Je suis dans un tel état depuis que vous avez parlé de ce malheureux voyage, que je ne pouvais supporter les heures. Ce n’est pas que j’aie l’ombre d’envie de vous empêcher de le faire. Mon Dieu, qu’est-ce que les choses ?… Convenez pourtant qu’il est bien triste, après avoir sacrifié toutes ses plus belles années à une seule idée, un seul espoir, après avoir cru s’être bâti un port pour celles de sa vieillesse, de voir tout détruit dans une heure de temps ! Figurez-vous qu’un incendie consume tout ce que vous avez amassé de matériaux : votre vie reste un blanc.
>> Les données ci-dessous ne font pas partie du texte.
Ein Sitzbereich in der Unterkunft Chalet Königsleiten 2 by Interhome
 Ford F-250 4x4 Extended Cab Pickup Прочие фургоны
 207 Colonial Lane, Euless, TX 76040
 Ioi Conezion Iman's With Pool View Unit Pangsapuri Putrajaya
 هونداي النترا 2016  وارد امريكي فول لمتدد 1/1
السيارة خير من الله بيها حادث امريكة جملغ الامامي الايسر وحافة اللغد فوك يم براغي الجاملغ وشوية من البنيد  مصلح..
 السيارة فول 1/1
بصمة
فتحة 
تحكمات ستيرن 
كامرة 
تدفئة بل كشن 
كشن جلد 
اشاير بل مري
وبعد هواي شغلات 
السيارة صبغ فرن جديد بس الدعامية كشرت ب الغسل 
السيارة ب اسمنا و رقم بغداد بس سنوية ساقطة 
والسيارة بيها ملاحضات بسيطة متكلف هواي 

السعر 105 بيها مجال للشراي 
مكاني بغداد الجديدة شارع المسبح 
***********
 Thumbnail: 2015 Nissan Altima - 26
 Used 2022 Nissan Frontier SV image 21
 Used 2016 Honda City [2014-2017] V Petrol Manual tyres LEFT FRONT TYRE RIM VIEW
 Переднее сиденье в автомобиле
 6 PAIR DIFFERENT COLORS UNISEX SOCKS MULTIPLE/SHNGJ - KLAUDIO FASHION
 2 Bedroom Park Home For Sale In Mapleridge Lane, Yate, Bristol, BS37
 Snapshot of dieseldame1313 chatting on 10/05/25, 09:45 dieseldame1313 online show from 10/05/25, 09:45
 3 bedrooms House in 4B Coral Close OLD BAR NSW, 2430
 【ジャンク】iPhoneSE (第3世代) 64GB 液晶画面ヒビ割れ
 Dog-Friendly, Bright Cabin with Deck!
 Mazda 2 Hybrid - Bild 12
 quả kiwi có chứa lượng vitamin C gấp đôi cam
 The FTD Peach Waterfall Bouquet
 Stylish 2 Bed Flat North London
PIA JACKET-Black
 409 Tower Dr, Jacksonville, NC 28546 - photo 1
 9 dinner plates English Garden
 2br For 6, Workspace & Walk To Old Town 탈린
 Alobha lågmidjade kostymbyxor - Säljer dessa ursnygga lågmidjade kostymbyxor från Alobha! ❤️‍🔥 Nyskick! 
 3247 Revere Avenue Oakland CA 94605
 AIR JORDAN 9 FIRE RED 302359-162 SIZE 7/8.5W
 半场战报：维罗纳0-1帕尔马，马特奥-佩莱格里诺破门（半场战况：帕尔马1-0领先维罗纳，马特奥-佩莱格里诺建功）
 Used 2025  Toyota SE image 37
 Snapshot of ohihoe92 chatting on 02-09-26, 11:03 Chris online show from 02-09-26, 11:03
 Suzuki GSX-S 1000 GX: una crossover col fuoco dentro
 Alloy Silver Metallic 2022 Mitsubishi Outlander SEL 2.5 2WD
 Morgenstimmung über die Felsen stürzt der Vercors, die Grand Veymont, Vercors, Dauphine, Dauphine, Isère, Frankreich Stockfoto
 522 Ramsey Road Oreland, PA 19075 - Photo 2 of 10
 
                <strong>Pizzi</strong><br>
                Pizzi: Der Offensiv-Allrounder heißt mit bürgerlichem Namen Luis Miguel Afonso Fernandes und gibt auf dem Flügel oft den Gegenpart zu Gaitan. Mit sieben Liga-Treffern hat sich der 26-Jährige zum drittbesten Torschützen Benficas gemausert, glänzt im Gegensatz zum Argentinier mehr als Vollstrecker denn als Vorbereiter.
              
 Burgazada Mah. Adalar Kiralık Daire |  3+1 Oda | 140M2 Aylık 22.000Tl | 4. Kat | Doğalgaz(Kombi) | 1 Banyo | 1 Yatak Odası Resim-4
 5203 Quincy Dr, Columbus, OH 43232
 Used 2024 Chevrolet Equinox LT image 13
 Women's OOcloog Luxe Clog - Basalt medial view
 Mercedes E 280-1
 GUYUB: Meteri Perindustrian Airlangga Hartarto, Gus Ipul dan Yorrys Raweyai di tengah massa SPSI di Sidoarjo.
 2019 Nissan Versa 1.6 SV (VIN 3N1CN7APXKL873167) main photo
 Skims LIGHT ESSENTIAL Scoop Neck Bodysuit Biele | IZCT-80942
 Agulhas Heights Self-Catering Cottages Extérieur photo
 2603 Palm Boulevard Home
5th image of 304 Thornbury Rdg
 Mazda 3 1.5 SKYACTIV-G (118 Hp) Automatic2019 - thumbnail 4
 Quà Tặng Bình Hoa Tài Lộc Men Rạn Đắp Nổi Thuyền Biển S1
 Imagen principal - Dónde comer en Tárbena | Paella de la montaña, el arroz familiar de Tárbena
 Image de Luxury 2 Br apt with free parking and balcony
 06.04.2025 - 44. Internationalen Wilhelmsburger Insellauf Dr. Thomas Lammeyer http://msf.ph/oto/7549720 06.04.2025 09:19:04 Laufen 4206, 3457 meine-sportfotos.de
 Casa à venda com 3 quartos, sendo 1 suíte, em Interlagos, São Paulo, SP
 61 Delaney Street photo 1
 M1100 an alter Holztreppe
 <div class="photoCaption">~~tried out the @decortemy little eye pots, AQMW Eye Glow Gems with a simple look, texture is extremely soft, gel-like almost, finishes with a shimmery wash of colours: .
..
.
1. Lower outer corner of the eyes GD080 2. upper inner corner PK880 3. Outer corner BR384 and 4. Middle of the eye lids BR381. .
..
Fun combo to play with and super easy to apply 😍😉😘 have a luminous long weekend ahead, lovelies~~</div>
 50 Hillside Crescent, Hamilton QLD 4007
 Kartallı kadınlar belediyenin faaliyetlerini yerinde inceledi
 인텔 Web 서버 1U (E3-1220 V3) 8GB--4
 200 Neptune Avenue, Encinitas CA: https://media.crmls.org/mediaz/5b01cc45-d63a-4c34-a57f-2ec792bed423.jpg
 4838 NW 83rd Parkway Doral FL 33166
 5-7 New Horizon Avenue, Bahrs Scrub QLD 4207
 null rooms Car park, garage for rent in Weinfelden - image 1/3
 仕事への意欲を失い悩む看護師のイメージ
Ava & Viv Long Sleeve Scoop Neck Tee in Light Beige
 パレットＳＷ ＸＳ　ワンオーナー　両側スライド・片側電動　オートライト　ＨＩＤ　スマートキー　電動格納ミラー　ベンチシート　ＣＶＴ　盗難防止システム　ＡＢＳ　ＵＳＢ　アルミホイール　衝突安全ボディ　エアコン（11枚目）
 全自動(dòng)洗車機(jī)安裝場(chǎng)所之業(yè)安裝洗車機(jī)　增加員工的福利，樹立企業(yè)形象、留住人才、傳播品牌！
Vous me dites que c’est de ma faute, que c’est mon caractère, je le veux croire : hélas ! je suis si accablée, si écrasée que je n’ai pas l’énergie de me défendre. Mais quelle consolation est-ce ? Quelque mauvais qu’il (mon caractère] vous ait paru, je l’ai pourtant bien gouverné pour l’amour de vous. Malheureusement, vous ne m’en savez aucun gré : car lorsque j’ai gardé le silence vous n’avez pas su ce que j’ai souffert. Pendant votre liaison avec Mme D…, que de jours j’ai su me taire, comparé au nombre de ceux où j’ai parlé ! Mais je veux croire que vous avez raison. Mon Dieu, je vous admire, je vous admire tant, je vous trouve si aimable, qu’il ne m’est pas difficile de croire que c’est moi qui ai tort ! Mais pourquoi, hélas ! pourquoi ne me l’avoir pas dit il y a longtemps, pourquoi laisser cette affection s’entortiller autour de chaque fibre de mon pauvre être que je ne puis l’arracher d’un côté sans trouver qu’elle tient si ferme de l’autre, que sans tout déraciner comme une pauvre plante je ne puis m’en défaire !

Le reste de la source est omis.